Let $A\subseteq \mathbb{N}$. Let $B\subseteq \mathbb{N}$ be the set of integers which are representable in exactly one way as the sum of two elements from $A$.

Is it true that for all $\epsilon>0$ and large $N$ \[\lvert \{1,\ldots,N\}\backslash B\rvert \gg_\epsilon N^{1/2-\epsilon}.\] Is it true that \[\lvert \{1,\ldots,N\}\backslash B\rvert =o(N^{1/2})?\]

#14: [Er92c][Er97][Er97e]

number theory, sidon sets, additive combinatorics

Apparently originally considered by Erdős and Nathanson, although later Erdős attributes this to Erdős, Sárközy, and Szemerédi (but gives no reference), and claims a construction of an $A$ such that for all $\epsilon>0$ and all large $N$ \[\lvert \{1,\ldots,N\}\backslash B\rvert \ll_\epsilon N^{1/2+\epsilon},\] and yet there for all $\epsilon>0$ there exist infinitely many $N$ where \[\lvert \{1,\ldots,N\}\backslash B\rvert \gg_\epsilon N^{1/3-\epsilon}.\]

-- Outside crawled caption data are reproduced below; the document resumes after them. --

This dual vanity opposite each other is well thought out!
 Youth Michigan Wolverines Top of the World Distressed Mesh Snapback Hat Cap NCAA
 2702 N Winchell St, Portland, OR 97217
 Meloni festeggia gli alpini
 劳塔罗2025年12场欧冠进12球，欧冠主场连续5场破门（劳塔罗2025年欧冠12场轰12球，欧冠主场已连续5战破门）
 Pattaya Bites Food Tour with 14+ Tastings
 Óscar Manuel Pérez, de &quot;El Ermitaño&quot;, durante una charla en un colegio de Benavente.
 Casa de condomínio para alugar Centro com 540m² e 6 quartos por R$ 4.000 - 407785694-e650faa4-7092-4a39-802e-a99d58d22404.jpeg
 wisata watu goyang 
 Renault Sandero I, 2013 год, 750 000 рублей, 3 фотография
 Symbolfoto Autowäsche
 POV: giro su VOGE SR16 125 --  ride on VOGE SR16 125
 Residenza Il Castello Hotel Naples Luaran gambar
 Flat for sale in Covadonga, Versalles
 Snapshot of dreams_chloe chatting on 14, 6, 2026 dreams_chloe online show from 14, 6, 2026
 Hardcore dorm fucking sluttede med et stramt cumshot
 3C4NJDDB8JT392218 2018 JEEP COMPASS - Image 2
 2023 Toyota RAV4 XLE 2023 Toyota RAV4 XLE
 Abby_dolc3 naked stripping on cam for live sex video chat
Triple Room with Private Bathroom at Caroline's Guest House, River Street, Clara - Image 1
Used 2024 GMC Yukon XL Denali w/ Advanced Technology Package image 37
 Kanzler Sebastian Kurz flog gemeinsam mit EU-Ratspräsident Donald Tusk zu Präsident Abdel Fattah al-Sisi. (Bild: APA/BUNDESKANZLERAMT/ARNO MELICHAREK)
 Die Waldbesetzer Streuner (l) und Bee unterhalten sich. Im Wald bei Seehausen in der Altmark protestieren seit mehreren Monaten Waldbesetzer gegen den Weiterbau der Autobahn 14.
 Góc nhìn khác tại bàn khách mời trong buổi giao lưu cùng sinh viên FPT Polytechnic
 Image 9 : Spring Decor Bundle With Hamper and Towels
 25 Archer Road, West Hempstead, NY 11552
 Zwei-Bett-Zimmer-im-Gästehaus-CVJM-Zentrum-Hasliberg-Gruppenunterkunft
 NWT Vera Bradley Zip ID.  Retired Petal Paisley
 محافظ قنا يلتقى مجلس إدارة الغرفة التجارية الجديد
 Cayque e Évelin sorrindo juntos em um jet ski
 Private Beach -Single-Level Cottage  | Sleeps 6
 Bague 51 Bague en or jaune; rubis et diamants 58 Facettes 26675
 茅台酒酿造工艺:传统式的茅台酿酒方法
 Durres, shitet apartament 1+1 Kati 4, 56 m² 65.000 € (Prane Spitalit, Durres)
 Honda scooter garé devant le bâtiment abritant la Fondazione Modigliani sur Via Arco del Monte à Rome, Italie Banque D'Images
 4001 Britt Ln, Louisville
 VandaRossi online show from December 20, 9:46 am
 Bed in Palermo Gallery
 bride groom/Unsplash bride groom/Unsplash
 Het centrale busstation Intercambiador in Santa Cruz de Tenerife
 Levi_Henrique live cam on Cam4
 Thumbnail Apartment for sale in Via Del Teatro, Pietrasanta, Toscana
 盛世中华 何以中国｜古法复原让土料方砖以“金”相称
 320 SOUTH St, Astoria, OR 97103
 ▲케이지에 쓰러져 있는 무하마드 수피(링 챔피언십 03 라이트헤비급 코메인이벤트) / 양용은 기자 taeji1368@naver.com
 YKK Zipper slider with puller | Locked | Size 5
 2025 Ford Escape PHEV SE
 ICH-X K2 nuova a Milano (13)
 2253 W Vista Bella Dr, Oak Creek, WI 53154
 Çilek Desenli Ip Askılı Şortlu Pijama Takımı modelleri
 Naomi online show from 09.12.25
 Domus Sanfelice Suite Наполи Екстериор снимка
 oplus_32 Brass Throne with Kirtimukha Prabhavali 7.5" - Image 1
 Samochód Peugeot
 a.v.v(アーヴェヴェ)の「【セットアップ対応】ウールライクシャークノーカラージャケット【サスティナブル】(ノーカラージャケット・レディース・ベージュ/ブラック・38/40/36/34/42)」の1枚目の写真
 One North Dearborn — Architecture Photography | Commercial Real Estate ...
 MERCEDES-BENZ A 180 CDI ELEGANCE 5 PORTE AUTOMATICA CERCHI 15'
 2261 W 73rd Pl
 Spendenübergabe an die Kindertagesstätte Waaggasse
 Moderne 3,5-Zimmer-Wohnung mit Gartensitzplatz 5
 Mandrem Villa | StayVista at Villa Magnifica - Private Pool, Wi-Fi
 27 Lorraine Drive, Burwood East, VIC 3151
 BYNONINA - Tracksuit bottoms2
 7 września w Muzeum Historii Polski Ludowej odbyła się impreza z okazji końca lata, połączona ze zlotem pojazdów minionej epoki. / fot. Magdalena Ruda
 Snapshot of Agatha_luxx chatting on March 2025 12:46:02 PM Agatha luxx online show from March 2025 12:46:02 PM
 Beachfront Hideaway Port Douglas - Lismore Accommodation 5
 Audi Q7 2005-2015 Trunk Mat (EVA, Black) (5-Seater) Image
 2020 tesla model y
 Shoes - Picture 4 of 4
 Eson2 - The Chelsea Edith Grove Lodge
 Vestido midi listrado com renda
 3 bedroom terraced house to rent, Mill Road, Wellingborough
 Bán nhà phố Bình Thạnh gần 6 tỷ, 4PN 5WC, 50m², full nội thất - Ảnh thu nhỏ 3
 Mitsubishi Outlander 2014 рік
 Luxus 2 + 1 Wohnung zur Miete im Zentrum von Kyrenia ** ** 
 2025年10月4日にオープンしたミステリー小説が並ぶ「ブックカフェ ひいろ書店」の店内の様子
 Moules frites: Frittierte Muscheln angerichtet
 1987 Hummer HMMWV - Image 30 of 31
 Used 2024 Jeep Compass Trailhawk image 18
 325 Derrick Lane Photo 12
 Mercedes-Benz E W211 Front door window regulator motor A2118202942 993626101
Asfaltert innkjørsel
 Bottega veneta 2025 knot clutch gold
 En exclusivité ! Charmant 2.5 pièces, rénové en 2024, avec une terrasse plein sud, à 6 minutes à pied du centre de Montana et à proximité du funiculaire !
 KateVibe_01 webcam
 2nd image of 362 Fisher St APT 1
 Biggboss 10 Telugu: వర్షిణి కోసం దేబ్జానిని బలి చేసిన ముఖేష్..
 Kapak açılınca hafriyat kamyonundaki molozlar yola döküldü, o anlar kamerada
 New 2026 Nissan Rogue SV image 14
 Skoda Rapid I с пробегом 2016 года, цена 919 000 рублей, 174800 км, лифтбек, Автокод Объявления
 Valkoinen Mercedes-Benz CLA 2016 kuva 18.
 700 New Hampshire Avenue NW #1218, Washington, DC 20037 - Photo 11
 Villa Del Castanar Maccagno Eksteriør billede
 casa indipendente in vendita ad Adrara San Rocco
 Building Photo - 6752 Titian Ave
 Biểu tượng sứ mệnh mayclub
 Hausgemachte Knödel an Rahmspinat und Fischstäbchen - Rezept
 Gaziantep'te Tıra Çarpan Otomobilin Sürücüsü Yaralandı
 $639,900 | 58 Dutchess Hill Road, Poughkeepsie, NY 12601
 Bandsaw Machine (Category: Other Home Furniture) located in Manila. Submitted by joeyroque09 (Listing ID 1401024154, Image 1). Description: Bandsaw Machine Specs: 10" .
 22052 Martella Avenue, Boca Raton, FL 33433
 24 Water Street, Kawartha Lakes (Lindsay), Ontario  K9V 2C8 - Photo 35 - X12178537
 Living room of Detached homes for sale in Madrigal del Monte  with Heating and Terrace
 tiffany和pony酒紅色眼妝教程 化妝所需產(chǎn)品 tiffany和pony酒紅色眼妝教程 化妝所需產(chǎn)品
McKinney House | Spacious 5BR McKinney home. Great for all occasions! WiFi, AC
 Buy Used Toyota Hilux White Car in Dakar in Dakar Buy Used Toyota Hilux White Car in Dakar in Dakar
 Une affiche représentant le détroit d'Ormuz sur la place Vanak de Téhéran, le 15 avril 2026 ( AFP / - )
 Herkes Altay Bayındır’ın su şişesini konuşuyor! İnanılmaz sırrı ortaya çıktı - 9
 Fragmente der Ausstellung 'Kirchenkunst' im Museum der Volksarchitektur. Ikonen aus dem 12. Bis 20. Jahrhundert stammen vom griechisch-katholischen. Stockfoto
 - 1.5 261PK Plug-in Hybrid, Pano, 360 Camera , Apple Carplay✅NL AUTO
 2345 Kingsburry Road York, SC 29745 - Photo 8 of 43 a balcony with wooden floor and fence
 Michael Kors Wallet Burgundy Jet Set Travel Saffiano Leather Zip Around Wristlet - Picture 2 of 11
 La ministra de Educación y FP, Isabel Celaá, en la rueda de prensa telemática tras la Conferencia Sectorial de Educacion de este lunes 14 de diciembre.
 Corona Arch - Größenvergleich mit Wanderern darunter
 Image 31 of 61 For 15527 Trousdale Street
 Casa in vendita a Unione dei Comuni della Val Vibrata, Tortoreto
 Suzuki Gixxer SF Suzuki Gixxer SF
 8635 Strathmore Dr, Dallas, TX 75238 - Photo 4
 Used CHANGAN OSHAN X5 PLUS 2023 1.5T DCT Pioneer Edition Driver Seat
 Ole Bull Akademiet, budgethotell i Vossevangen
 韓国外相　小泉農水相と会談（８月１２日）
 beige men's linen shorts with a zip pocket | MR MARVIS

Erdös and Freud investigated the finite analogue in 'a recent Hungarian paper', proving that there exists $A\subseteq \{1,\ldots,N\}$ such that the number of integers not representable in exactly one way as the sum of two elements from $A$ is $<2^{3/2}N^{1/2}$, and suggest the constant $2^{3/2}$ is perhaps best possible.